停滞

愛がなんだの停滞のレビュー・感想・評価

愛がなんだ(2018年製作の映画)
4.5
恋愛というと最初どちらかが好きになって〜(略)〜両思いになって恋が実り愛が咲く、と言ったある方向へ収束していくイメージを持っている。それに照らして考えれば、この作品は原作が2003年のものでありながらどこか現代的、あるいはもう少し未来にありうる非単線的な想いの在り方が描かれていると解釈できた。そのこととマッチするように登場人物の距離感とかカメラの距離などで本当にそこに生起しているかのような感情が丁寧に扱われていると感じた(まさに不気味さがある)。ダメージを受けたと同時に上で述べたイメージの拘束性を打ち破る自由さ、あるいは岸井ゆきのが自分は大好きだった。

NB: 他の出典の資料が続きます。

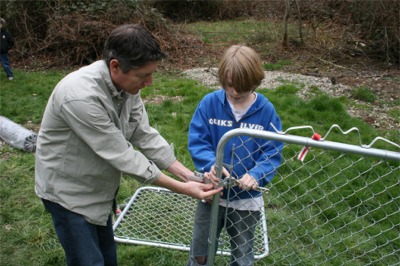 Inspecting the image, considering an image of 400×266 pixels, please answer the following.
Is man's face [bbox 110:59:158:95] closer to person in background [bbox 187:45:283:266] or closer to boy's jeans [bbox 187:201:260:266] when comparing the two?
person in background [bbox 187:45:283:266]

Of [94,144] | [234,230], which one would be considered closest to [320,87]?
[234,230]

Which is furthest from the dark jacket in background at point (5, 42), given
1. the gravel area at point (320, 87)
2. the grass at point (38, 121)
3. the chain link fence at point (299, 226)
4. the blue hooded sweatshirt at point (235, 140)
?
the blue hooded sweatshirt at point (235, 140)

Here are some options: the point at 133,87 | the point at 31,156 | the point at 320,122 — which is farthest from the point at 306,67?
the point at 133,87

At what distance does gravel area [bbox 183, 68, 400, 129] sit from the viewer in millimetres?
5406

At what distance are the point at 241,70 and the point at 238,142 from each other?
14.0 inches

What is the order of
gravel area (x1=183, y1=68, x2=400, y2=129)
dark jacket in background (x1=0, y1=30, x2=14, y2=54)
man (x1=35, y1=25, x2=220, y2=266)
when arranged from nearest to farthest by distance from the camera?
man (x1=35, y1=25, x2=220, y2=266) → gravel area (x1=183, y1=68, x2=400, y2=129) → dark jacket in background (x1=0, y1=30, x2=14, y2=54)

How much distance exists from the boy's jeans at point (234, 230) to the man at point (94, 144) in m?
0.24

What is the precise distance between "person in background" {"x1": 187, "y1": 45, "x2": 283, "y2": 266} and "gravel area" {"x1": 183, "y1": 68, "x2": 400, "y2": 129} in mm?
3776

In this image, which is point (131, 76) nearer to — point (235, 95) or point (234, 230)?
point (235, 95)

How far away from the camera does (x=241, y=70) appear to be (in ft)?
6.04

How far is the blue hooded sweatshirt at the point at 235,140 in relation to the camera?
6.40 feet

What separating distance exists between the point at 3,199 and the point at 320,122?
151 inches

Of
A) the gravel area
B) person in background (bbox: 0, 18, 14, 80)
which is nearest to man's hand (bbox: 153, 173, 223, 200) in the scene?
the gravel area

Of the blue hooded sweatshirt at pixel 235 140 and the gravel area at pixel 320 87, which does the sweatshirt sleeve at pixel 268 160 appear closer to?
the blue hooded sweatshirt at pixel 235 140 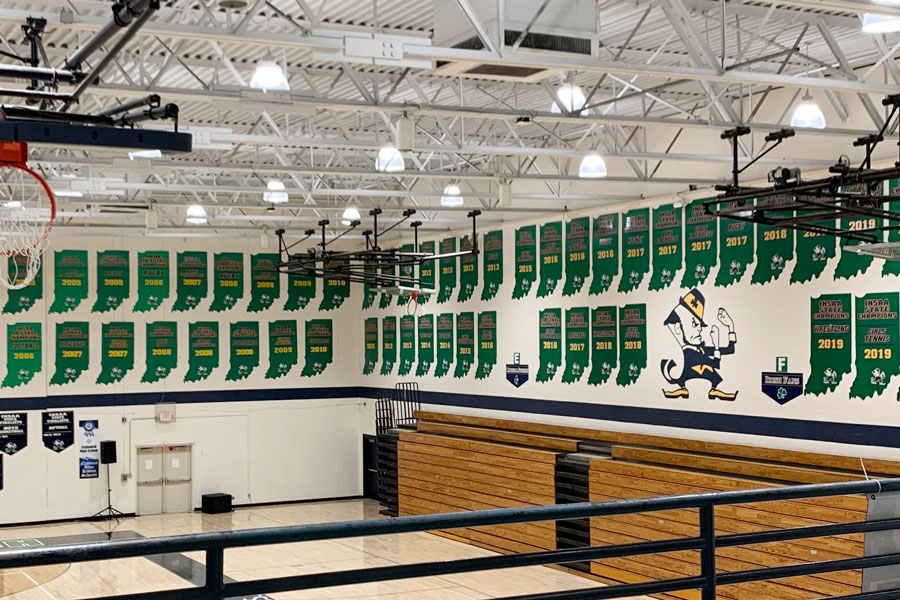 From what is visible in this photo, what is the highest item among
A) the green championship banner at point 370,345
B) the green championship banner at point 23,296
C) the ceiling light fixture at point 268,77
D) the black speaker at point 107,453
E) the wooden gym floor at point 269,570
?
the ceiling light fixture at point 268,77

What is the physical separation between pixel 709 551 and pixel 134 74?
430 inches

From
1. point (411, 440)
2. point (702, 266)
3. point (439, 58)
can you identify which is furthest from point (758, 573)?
point (411, 440)

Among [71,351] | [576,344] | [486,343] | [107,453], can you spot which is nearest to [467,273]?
[486,343]

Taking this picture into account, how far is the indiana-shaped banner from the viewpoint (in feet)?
47.6

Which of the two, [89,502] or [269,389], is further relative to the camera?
[269,389]

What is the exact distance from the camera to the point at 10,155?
228 inches

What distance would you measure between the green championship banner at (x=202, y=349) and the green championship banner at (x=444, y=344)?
5230mm

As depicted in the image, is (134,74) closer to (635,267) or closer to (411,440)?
(635,267)

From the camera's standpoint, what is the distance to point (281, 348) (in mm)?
23969

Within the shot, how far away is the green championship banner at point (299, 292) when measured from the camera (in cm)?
2420

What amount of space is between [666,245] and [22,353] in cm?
1373

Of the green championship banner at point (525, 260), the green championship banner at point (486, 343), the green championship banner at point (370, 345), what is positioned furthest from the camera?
the green championship banner at point (370, 345)

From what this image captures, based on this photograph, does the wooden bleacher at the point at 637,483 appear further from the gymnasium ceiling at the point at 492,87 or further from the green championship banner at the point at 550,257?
the gymnasium ceiling at the point at 492,87

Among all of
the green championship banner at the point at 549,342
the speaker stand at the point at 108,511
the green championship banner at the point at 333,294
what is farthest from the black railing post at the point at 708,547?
the green championship banner at the point at 333,294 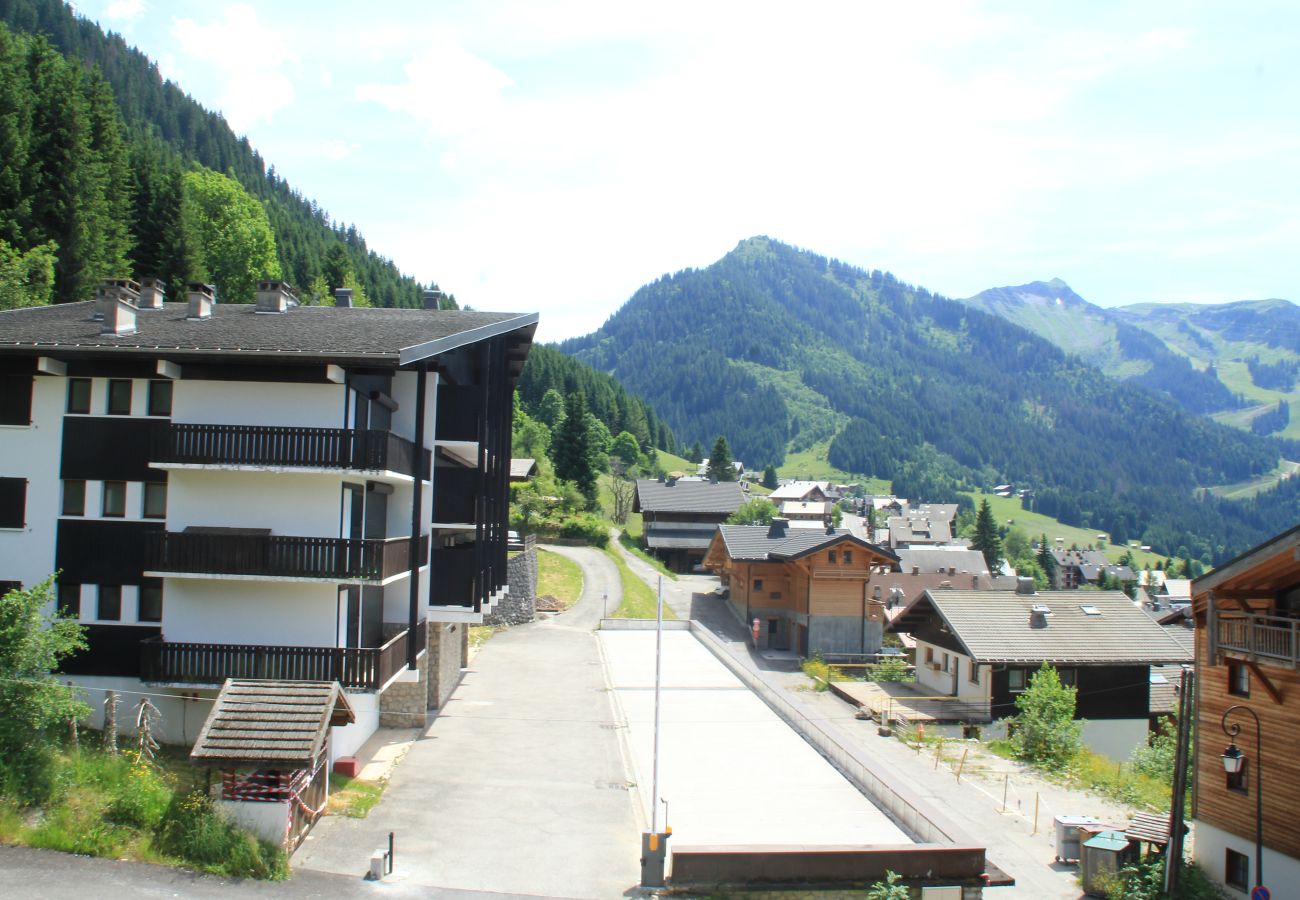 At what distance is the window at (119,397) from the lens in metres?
21.5

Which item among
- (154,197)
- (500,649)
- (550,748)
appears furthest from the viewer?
(154,197)

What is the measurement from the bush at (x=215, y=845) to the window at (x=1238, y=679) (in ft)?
65.0

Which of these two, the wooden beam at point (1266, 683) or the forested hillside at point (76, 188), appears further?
the forested hillside at point (76, 188)

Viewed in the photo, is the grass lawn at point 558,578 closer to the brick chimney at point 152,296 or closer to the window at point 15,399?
the brick chimney at point 152,296

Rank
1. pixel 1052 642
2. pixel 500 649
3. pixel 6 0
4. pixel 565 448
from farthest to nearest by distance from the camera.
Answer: pixel 6 0, pixel 565 448, pixel 500 649, pixel 1052 642

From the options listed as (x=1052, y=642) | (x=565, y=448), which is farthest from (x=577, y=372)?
(x=1052, y=642)

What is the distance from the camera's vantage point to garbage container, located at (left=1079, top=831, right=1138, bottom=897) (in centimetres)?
1961

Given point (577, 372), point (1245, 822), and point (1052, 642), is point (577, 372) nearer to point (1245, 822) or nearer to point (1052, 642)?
point (1052, 642)

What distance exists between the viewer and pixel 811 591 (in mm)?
52156

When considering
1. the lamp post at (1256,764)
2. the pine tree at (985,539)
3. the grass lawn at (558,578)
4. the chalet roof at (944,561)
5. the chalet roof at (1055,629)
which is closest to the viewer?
the lamp post at (1256,764)

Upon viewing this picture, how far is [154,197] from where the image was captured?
61.9 metres

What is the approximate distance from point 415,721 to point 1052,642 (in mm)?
26933

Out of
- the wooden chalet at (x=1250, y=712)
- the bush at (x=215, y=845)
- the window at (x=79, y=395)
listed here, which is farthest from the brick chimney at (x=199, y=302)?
the wooden chalet at (x=1250, y=712)

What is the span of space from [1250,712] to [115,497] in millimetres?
25919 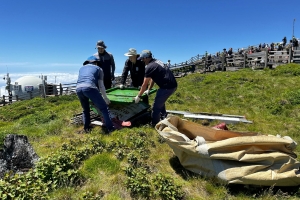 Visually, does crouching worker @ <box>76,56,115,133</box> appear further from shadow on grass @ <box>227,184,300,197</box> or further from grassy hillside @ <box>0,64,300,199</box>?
shadow on grass @ <box>227,184,300,197</box>

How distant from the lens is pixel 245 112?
Result: 834 centimetres

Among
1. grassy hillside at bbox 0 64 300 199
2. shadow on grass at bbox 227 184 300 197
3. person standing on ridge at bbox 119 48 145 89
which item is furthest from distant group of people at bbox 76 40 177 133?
shadow on grass at bbox 227 184 300 197

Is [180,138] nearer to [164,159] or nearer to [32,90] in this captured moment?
[164,159]

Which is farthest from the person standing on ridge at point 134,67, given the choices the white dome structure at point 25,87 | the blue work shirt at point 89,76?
the white dome structure at point 25,87

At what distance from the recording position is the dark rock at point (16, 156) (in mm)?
4102

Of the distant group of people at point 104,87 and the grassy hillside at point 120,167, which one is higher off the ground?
the distant group of people at point 104,87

ファーストカットはテルコのクローズアップ。テルコの一人称視点で描かれるから半信半疑になりながらも彼女の思考のパターンが少しずつわかってくる。そうするとマモルがダメな人間という一般論的なことが気にならなくなってきた。マモルは手が綺麗でテルコは歯が綺麗だな、幸せになりたいというより強く生きたい、と思った僕でした。